|MadSci Network: Development|
Your question addresses an excellent scientific aspect of stem cell function that is often obscured by the current focus on their potential for therapeutic applications. Optimistic predictions for these applications often do describe a fairly simplistic scenario in which the stem cells are delivered to the internal site in need of repair, where they almost magically change into newer, healthier cells of that tissue.

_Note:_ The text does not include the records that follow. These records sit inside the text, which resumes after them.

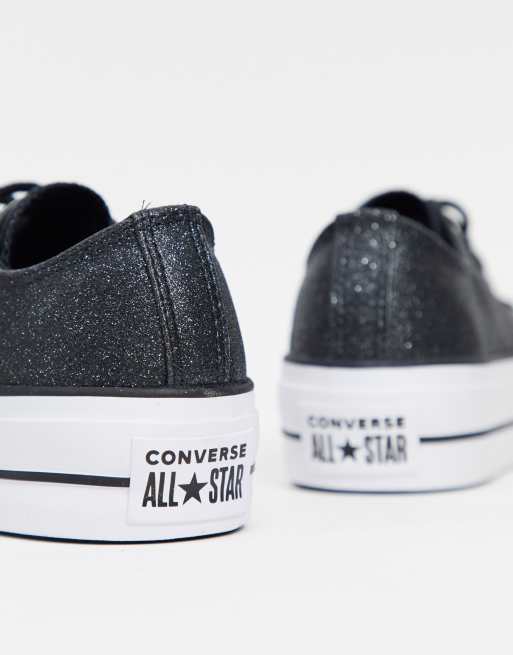 Converse basse noir on sale brillant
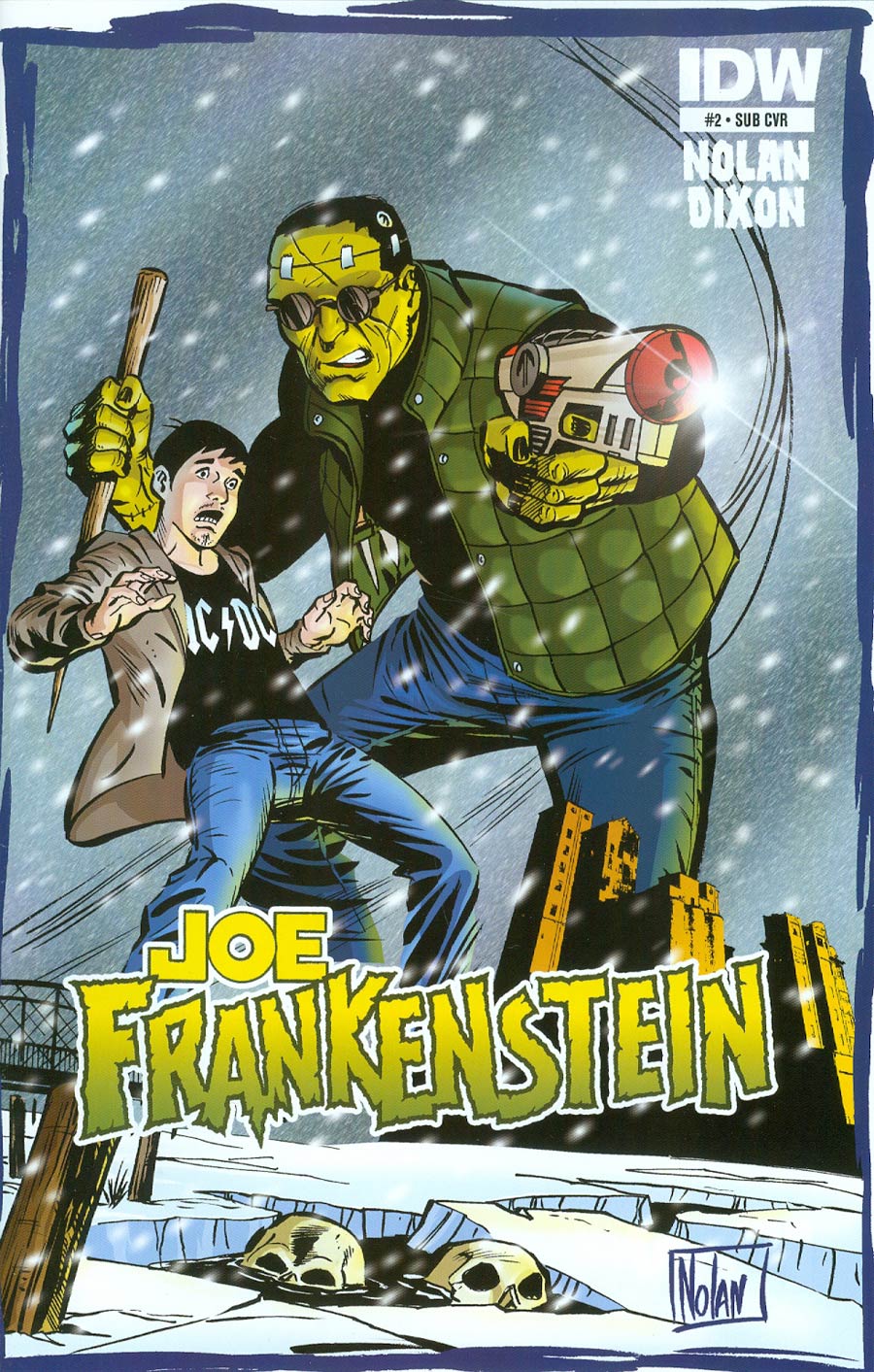 Joe Frankenstein #2 Cover B Variant Graham Nolan Subscription Cover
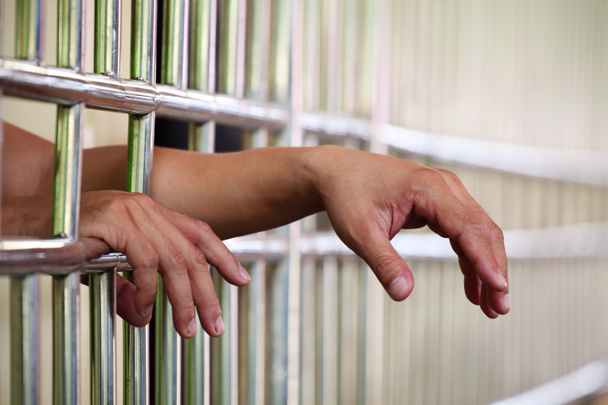 χέρι στη φυλακή - Φωτογραφία, εικόνα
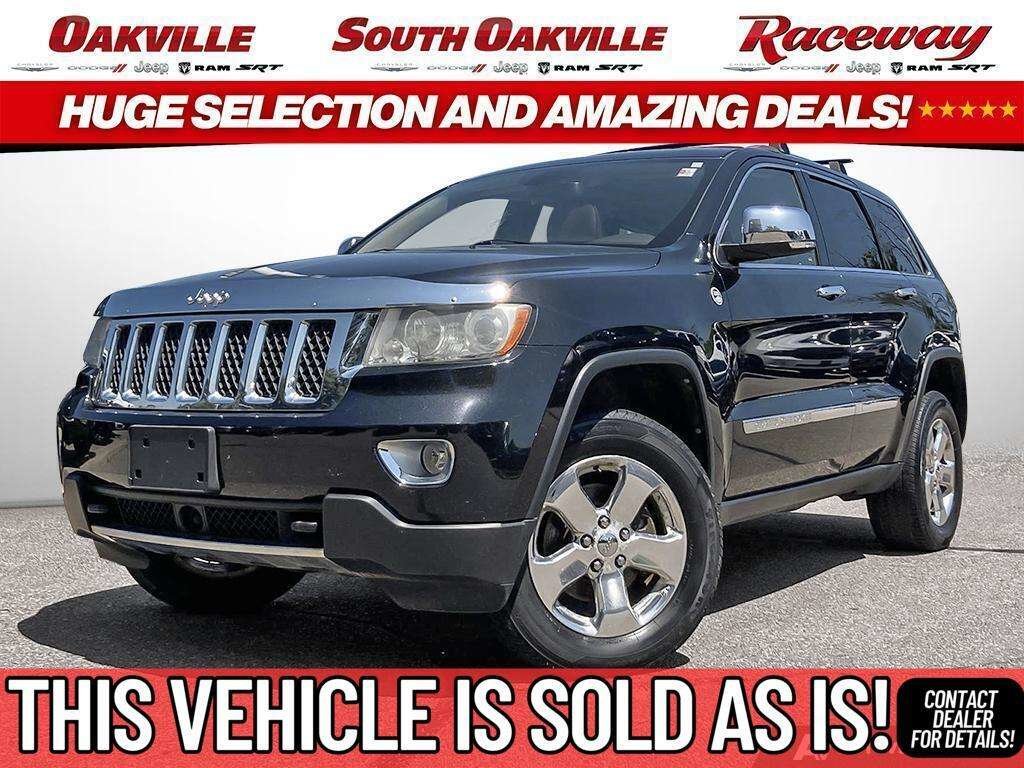 Black 2012 Jeep Grand Cherokee SUV / Crossover Four-Wheel Drive Automatic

However, specialization of pluripotent stem cells is the end result of a very complex cellular process known as differentiation. As explained in the following Stem Cell Basics Primer from the Nat'l Institutes of Health, "scientists are just beginning to understand the signals inside and outside cells that trigger stem cell differentiation". Differentiation is controlled by a variety of molecular signals, some of which are secreted by neighboring cells & some of which may be delivered from more distant sources in the body through the bloodstream. The summary of a Harvard Univ. research study on the response of human embryonic stem cells to 8 different growth factors in the lab provides an example of the complexity of this differentiation process. It also explains how these factors help to regulate growth & development of an organism through stem cell differentiation, & how studies such as this may eventually help to discover how we can use them in directing stem cells to repair diseased tissues in the body.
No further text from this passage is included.